Owen Graham with the Alaska Foresters Association said he too had harvest dead cedars but it didn’t end up being profitable.
“I wouldn’t be interested,” Graham said about future dead cedar harvest. “We were clear cut logging, and there was dead yellow cedar in there and the Forest Service asked us to remove it.”
Graham said he was able to sell the wood locally but international customers, his typical cedar customers, weren’t interested. Graham did say he didn’t know how long the trees had been dead, which affects wood quality.
There are also a number of bureaucratic hurdles, such as land sales conducted by the Forest Service, which add costs to harvesting dead yellow cedar.
The study looked at six mills, listed as mills A-E. Determining the profitability for each mill is difficult because each employs different methods for harvest and processing.
“Cost factors among mills that lead to differences in revenue included logging, milling, and transportation,” the study says. “Logging costs were highest for Mill C since these trees were obtained using selective helicopter logging, transportation costs were highest for Mill D, as these logs were shipped to Ketchikan via barge.”
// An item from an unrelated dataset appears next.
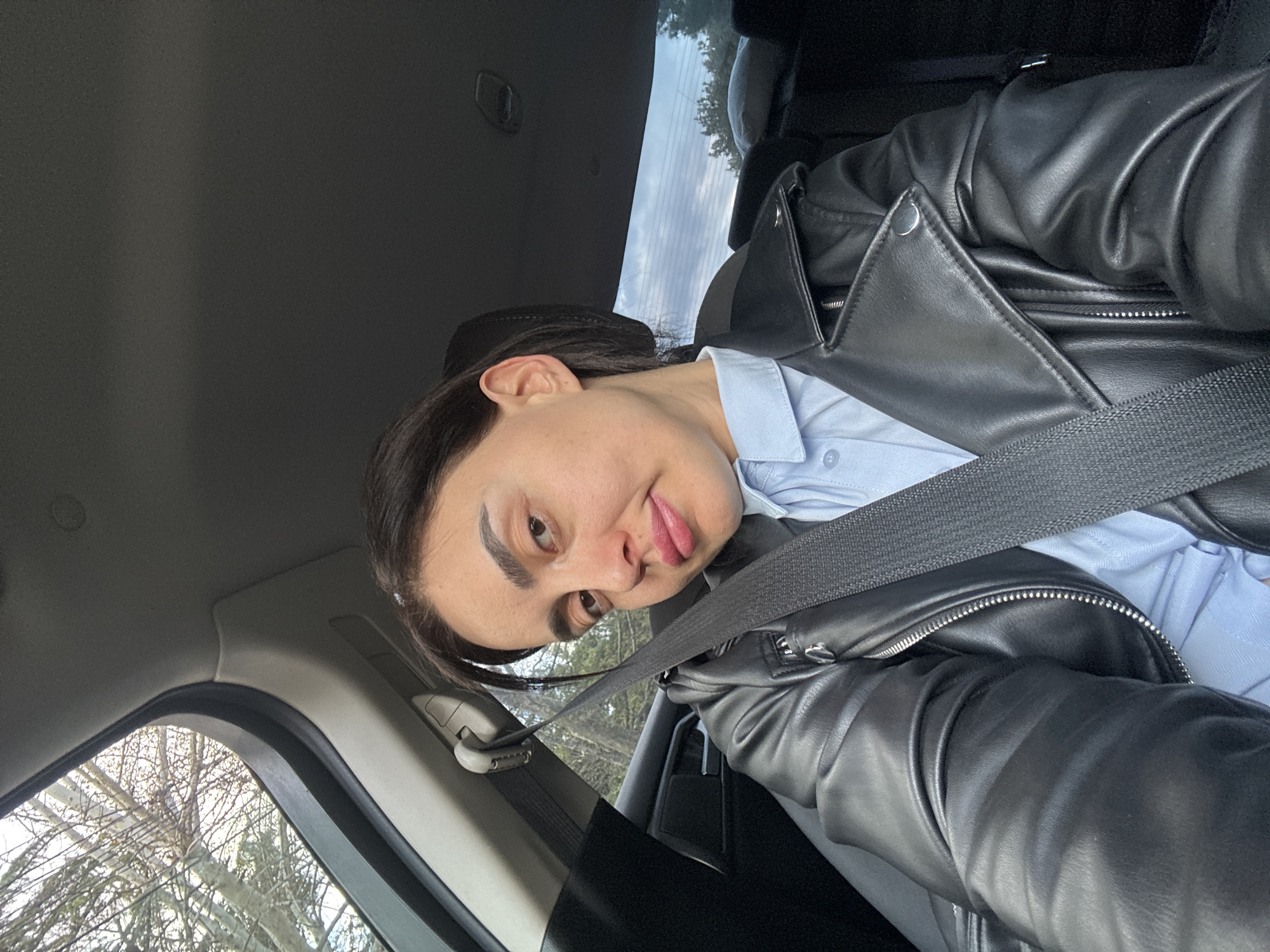 A woman is seated in the driver's seat of a vehicle, wearing a light blue collared shirt and a black leather jacket. A seatbelt is secured across her chest. She is looking at the camera with her tongue slightly sticking out. The interior of the car is visible, with part of the window frame and some trees visible outside the window. The car's ceiling is a light gray color. The city and location are not determinable from this picture.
Researchers were surprised by differences in revenues among the mills, but feel that with some changes, and possibly training, mill owners could use dead cedar for extra revenue.
As climate change kills more trees, harvesting presents an opportunity for forest management as well, the study says.
“Our new climate reality driving yellow-cedar mortality across much of the Tongass,” the study concludes, “presents an opportunity for a new approach to forest management and a forest products industry in Southeast Alaska.”